00:03 Nous recevons le commissaire européen chargé du marché intérieur, de l'industrie, du numérique,
00:08 de la défense, de l'espace, du tourisme et de l'audiovisuel.
00:12 Posez vos questions, chers auditeurs, intervenez au 01 45 24 7000 ou sur l'application France Inter.
00:19 Bonjour Thierry Breton.
00:20 Bonjour.
00:21 Bonjour.
00:21 Et bienvenue.
00:22 Question Grand Angle pour commencer.
00:24 On voit la montée des populismes et de l'extrême droite dans de nombreux pays d'Europe.
00:28 On voit la colère des paysans.
00:30 On va reprendre chacun de ces dossiers et puis voir également vos projets pour l'Europe.
00:35 Mais si vous deviez, en quelques mots, décrire l'état de l'Union aujourd'hui, quels seraient ces mots ?

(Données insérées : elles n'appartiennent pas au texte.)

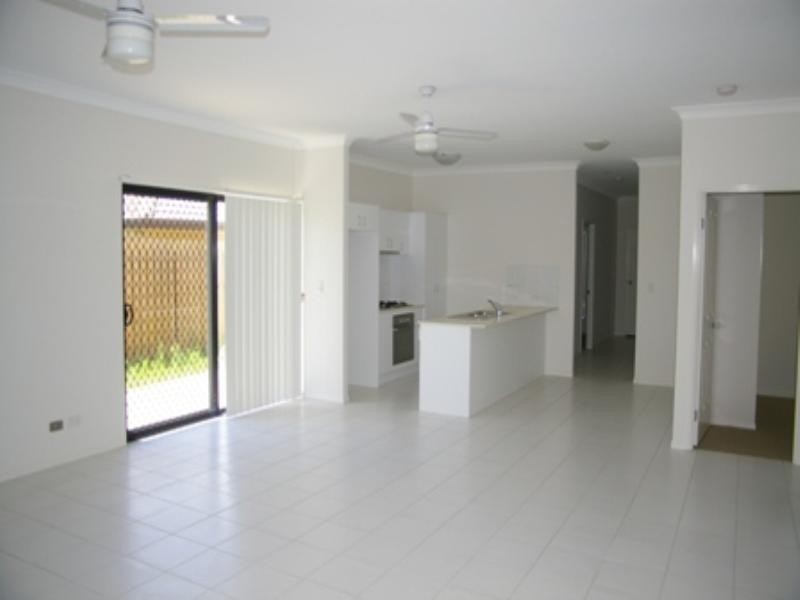 12 Wright Avenue, Redbank Plains QLD 4301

00:43 Prise de conscience que dans le monde tel qu'il est, aujourd'hui, aucun pays seul ne peut ni ne pourra relever les défis qui s'offrent à lui.
00:56 Donc ça c'est le constat que vous faites.
00:58 Malgré tout, on recevait ici le patron de l'IFRI, l'Institut français des relations internationales, Thomas Gomart,
01:04 qui dit que partout, sur tous les fronts, l'Europe ressemble de plus en plus à une puissance qui perd de sa puissance.
01:13 Comme si l'Europe était aujourd'hui diminuée.
01:16 Est-ce que vous aussi vous faites ce constat là ?
01:18 Pas du tout.
01:19 Pas du tout ?
01:20 Pas du tout.
01:21 Je retiens dans ce que vous venez de dire le terme puissance.
01:25 Puissance, ça a deux jambes.
01:29 D'abord, ça doit se construire pas à pas.
01:31 C'est ce que l'on a fait en surmontant toutes les crises que nous avons connues depuis quelques années.
01:36 Du Covid à l'agression russe en Ukraine, au prix de l'énergie, à l'inflation, à la nécessité de se mettre ensemble pour répondre aux besoins des petites entreprises et des plus grandes à la suite de la crise du Covid.
01:53 Mais aussi, c'est la deuxième jambe, c'est aussi faire prendre conscience de ce que nous sommes, nous tous ensemble, les 450 millions de concitoyens européens.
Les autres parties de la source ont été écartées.